Whatever my address in the Paris area, I always lived just a street away from the Seine, and so my running was focused on the river and its islands. My local route in Asnières during 2006 and 2007 brought me onto the Île de la Jatte, an island celebrated in art and also home at that time to another runner, a short and short-fused Frenchman called Nicolas Sarkozy. In the centre of Paris I found some running room along the right bank of the river, from the Louvre up to an island past the Eiffel Tower called the Île des Cygnes, to make perhaps the most spectacular running route in the world.
And Meudon also had a river island, the Île Saint-Germain, where I would do the occasional lap – or even fall in with runners on the Eco-Trail de Paris trail race, which followed Meudon’s riverbanks to finish at the Eiffel Tower.
The Eiffel Tower itself is something of a focal point for running in Paris. The 20 Kilomètres de Paris race starts and ends there – I did this race twice, clocking just over 90 minutes on both occasions. Beside the tower are the Champs de Mars, an excellent spot for running, and the municipal running track at the Centre Emile Anthoine. (Caution: this track is 50 metres shorter than a standard track, so don’t get overexcited if you’re blasting out faster laps than usual.)
Speaking of which, that was another advantage of running in Paris – municipal running tracks that were free to use. When I lived in Meudon I was a warm-up jog away from two tracks in neighbouring Issy-Les-Moulineaux; in the spring of 2013 I loved to get up at sunrise for a Daniels threshold session with the track to myself.
In fact, I’m beginning to think that Meudon is the greatest running area in the Paris region. As well as the scenic riverbank routes, tough hills and public tracks, I lived near a huge forest that had traffic-free tarmac roads through it. I have fond memories of my long runs in Meudon.
So much for the training; what about my races in Paris?
Well, I ran the Paris Marathon three times. Two of those – in 2007 and 2012 – were among my best marathon performances. Alas, the 2010 edition was my worst marathon, due mainly to me not preparing properly. But at least I did better than Joe Strummer in the 1982 Paris Marathon, who apparently ran in it and finished nearly last.
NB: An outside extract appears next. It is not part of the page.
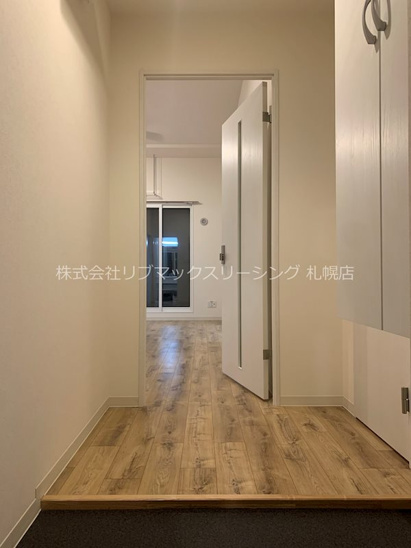 【玄関】ロックヒルズ札幌 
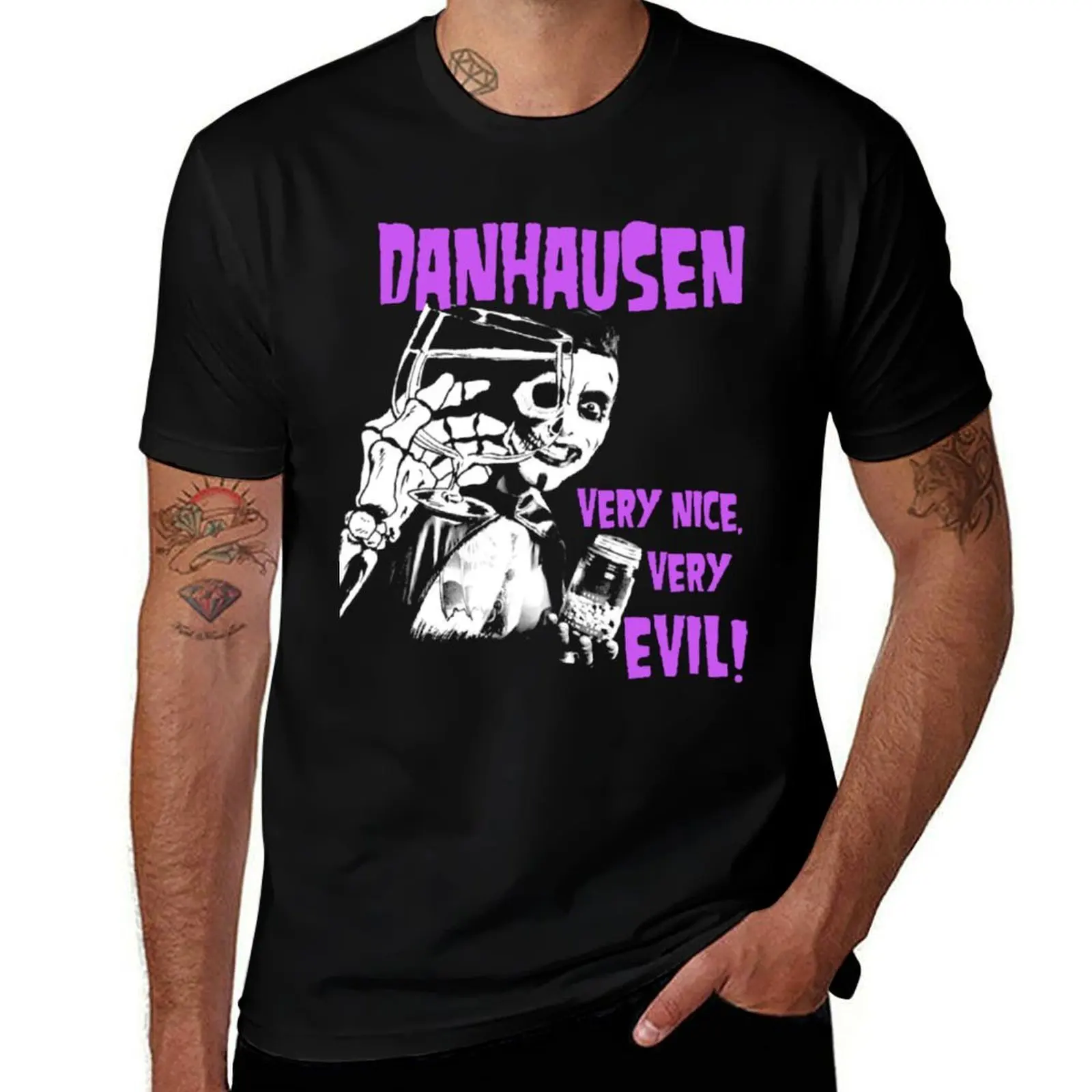 

Danhausen X Misfits Very Nice Very Evil Essential T-Shirt mens graphic t shirts t shirt man cotton T-Shirt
In recent years the Paris Marathon has swelled to almost 50,000 runners and raised its profile through star-name competitors like Kenenisa Bekele in 2014. The crowds and atmosphere may not compare favourably to other city marathons, but it’s a great experience. Just don’t drink the free red wine at mile 22, unless you want to visit the bushes at mile 22.1.
As well as the Paris Marathon and 20 Kilometres de Paris, I ran the Semi Marathon de Paris twice, finishing in around 1 hour and 40 minutes both times. However, I never warmed to this race – literally in 2006 when it was a bitterly cold day, and metaphorically in 2010 when there was overcrowding at the start and finish areas.
But I have plenty of good running memories from my time in Paris. Running helped me to discover the city and make it feel more like my home. Paris mightn’t be the easiest place to live, but I made it a great place to run.